I would still expect it to be less efficient than electric arc furnaces, but maybe not, so I'll grant you that this might be a very narrow use case, solely because burning the fuel source is actually important for that. :-)

Fuel cell efficiency is at best about 60%. So no, you do NOT have 80% round-trip efficiency, unless you've found a way to violate the first law of thermodynamics.

60% efficiency times 68% is 40.8% efficiency. Yeah, that's slightly better than 34%, but in much the same way that a s**t sandwich is slightly better than s**t. :-)

And this will still be capable of running on natural gas, which probably means it won't be optimal efficiency-wise for either fuel.

The losses from electrolysis alone make it a bad idea, even if the next step were 100% efficient. It just gets worse from there.

For the general population yes. For Amazon's use probably not. Since Amazon paid for the whole thing, it might be easier/faster to connect directly from Amazon data enter in Maryland to Amazon data center in Ireland than to Nova Scotia, Newfoundland, or New England and then switch to another optical line for land based traversal.

I do not understand. Private companies have been laying undersea cables since Morse code was the default communications protocol. Your objection is over a hundred years too late. Second, while the summary does not detail what Amazon plans to do with the cable, the primary use will be to connect Amazon's internal systems first. The excess capacity might be leased. So this cable may not really connect to Europe at all for you or the general population.

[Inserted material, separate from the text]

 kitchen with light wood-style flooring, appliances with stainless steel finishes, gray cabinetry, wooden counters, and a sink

A battery for a small amount of power is not hard to make. A battery large enough to power a city overnight does not exist. The alternative is a very large bank of batteries. While working with hydrogen has problems, there is a great deal more experience with large scale hydrogen use like in refineries today.

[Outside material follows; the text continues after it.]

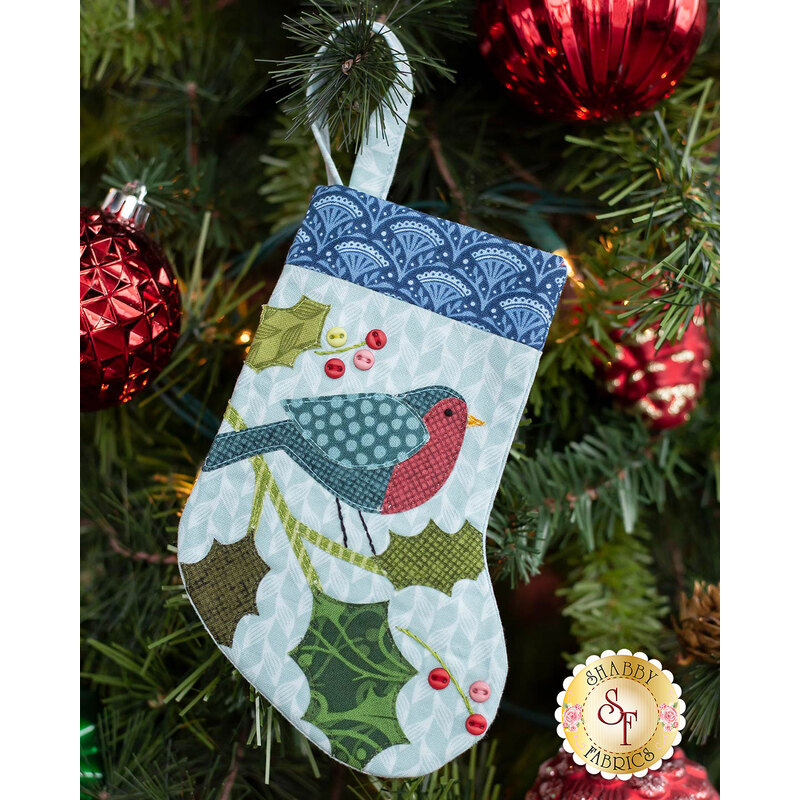 The completed Holly Bird stocking, hung on a green Christmas tree decorated with red bulbs.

The main obstacle I see is you need to build large banks of batteries. There would be less infrastructure involved with storing a large amount of gas. Also this plan retrofits an existing gas turbine so it is being repurposed.

The number one objection that opponents have against solar or wind power is that it is not always available. Storing excess electrical power has been a goal. Large banks of batteries is a possible solution. Or pressurized caves. Or molten salt. This proposes using hydrogen. The main advantage is that burning hydrogen can use existing infrastructure if it is modified.

So you admit the article identifies a source; you simply dismissed it because you think it will not work.

I see there is another person who did not read the whole summary.

Only if you did not read the next paragraph of the summary.

You forgot that this is about gas turbines. They're going to BURN the hydrogen. Divide that 68% number by two, and that's still probably wildly optimistic. More realistic numbers are probably more like 20%.

Not really, no.

If you're rolling it around on wheels, maybe. For a fixed installation, weight has exactly zero relevance. You're putting it on top of a concrete slab on top of dirt. Who cares how much it weighs?

Volumetric density might matter sometimes. Typical density for hydrogen peaks at about 40 kg per cubic meter (assuming Google search isn't lying to me). With a fuel cell, this will maybe give you 1320 kWh. But then you need additional space for the fuel cell itself, plus compressors to compress the hydrogen on the way in.

Batteries give you half the energy density, but that's all you have to have. Electricity in, electricity out.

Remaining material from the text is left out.